This isn’t strictly a driving topic, but if you’re not American, tipping can be confusing and problematic, and if you get it wrong, you can find yourself unwelcome or even in trouble. Remember, in California (and most of the rest of America), virtually everyone who renders you a non-professional or non-salaried service expects a tip. This includes taxi drivers (15-25%), hair dressers (15-25%), waiters and waitresses (at least 15-25% of the check (bill)), valet parking attendants (a dollar or two per car retrieved, depending on the size of the car and the difficulty and efficiency of retrieval), bar tenders (just leave the loose change on the bar unless it was a large bill, in which case think 10% or more), bell hops ($1 or $2 per bag depending on bag size and how far they’re lugged), sky caps (the baggage handlers outside airport terminals — tip them rather more than bell hops), hotel room service people (15-20% for room service meals and drinks, maybe $2-$5 per day for room cleaners), etc. You do not usually tip in fast food places, nor do you tip sales assistants, etc. in the normal line of duty.
A handy rule of thumb for tipping in Californian restaurants and cafes: just leave a tip of at least double the amount of the sales tax on the check, which is usually in the 8.5-9.5% range, and is always itemized separately just above the full total. Make sure they haven’t already added a 15% “service charge” on their own, something that is common if you have a party of five or more people. The tip can be left on the table either with or without the rest of the check, or you can add it to your credit card bill, or you can leave it with the full amount at the front desk or cashier. Of course the amount you tip can vary according to how satisfied you were with the service, but don’t expect to be able to go back to a restaurant or cafe if you tipped poorly or not at all.

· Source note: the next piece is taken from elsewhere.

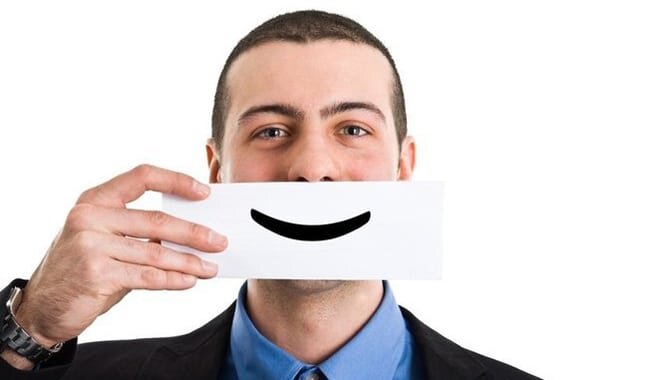 Как раз такие вот "бодрячки", скорее всего и будут считать, что стадии шока у них не было, раз они так оптимистично держались. По факту это все тот же шок, только выраженный в отрицании действительности - поэтому первую стадию еще называют стадия отрицания.  Фото с просторов интернета.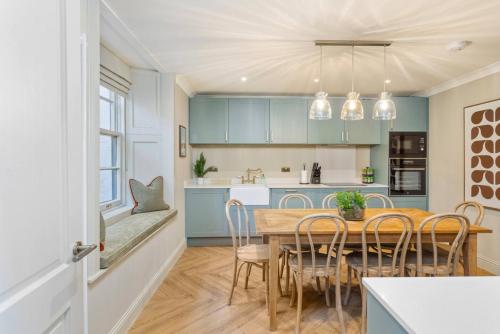 スターリングにあるThe Kings Park Luxury Residenceのテーブルと椅子のあるキッチンとダイニングルーム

Basic tips are usually regarded as a right, and not (as in Australia, for example), a luxury or something to be earned by extra special service — in many cases it is a crucial part of the person’s income. From personal experience, the IRS (the U.S. tax department) assumes a certain level of tipping, meaning service staff may actually lose money if you don’t tip. This also seems to be true for most of the services mentioned above.
Tip tip: see Julia Sweeny’s “How to Quit Being a Bad Tipper” for some, erm, authoritative tips on tipping….
Sales tax is also problematic for visitors, and helps explain why that book listed as for sale for $20 will actually cost you more like $22 (without any warning, and depending on where in California you are). In California sales tax is applied to nearly everything except services and certain items of food, and the amount imposed varies from county to county and from city to city within each county. The important thing for most of us UnAmericans to remember is that sales tax is always applied at the point of sale, and is almost never included in advertised or marked prices (except gas and newspaper prices, which always include the tax). For example, if a road map has an advertised cover price of (say) $4.95, the actual price to you will be $4.95 plus sales tax — i.e. probably something around $5.35. Don’t do what I did when I first came to California and just give the sales clerk a $5 bill, smile sweetly at him, and say “keep the change” as you walk out of the store… (this is a common embarrassment to first-timers in this country).
One of the reasons for not making the sales tax a part of the published final price (as happens in, for example, Australia), is the wide variation in sales tax amounts. The state sets a base amount —currently 7.5% of published retail price in California — and counties and cities are free to add a certain percentage of their own, usually around 0.25 – 1.0%. So an item that might cost (say) $5.21 in Anaheim might cost $5.25 in Berkeley — making it difficult to put state-wide, let alone US-wide, tax-inclusive price tags on the book. Sales tax amounts are always itemized separately on checks and receipts.